Benefits to the Employer  

In addition to having an employee acquire new skills, there are many ways organizations can benefit from learning sabbaticals, according to Azulay:

  • Accelerate skill development for key employees. 
  • Cross-training for other employees.
  • Jump-start for succession planning.
  • Retain employees who might otherwise leave for lack of challenging or suitable development opportunities.
  • Improve delegation capabilities for leaders. 
"Leaders who take a learning sabbatical often gain greater strategic focus" because they delegate tasks they can't perform while out of the office to their team members, Azulay said. Staff members not on sabbatical get stretch assignments and build leadership capabilities.

[SHRM members-only toolkit: Developing Employees]

How to Launch a Learning Sabbatical  

The employee and team leader should talk about the skills the employee is expected to gain or goals to achieve as well as a practical timeline for achieving those goals. The employee will devise his or her own learning plan for reaching those goals to share with the team lead for approval.

Azulay offered the following recommendations for creating a learning sabbatical:

Start planning early. Ask the employee to create a business case that specifically outlines how the employee and the organization will benefit from the sabbatical. Work with the employee to define the sabbatical goals and how the employee plans to achieve those goals. It took six months for Buffer to craft the sabbatical "to make sure [it] felt good to Tom and our product design team," Griffis said.

Implement a strong delegation strategy. Invite the employee to review all of his or her current tasks and projects and create a work coverage plan to decide how and to whom to delegate the employee's work while on sabbatical.

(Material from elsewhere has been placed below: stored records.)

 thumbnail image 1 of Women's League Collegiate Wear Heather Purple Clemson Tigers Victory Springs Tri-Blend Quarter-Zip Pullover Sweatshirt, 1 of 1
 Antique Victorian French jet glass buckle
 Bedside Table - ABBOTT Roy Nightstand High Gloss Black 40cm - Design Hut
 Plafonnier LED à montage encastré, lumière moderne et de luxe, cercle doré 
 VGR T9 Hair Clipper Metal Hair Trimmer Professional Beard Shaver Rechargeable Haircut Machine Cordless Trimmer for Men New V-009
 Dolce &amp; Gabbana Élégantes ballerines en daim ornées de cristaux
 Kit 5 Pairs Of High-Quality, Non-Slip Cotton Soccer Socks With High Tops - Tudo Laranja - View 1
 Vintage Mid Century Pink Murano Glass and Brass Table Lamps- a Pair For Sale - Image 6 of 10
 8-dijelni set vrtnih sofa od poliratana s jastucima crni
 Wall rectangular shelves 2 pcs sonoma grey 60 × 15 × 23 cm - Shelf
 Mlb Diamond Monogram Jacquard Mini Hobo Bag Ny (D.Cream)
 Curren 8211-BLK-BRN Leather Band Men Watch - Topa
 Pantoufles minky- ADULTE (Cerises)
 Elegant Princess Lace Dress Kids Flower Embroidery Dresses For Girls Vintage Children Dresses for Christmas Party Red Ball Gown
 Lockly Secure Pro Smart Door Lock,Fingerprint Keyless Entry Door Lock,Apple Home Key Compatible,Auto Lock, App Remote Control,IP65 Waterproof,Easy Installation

If the employee supervises others, she must delegate some of that work permanently so she can think strategically and spend more time on strategy and less time on tactical work.

Communicate the plan, goals and benefits to others in the organization. Prepare others for the sabbatical, build support and encourage others to champion the initiative to ensure its success. Tell staff, management, clients and vendors how they and the organization will benefit. Communicate the organization's support of this plan to boost acceptance and support.

Azulay advised using the word "experiment" when introducing the concept of a learning sabbatical.

"Sometimes it feels scary to do something that has not been proven before. Tagging it as a tentative event that will only be repeated if successful can help relieve some of the pressure to be 'perfect,' " she said, "and also can create a way out if it proves to be less successful than you hoped."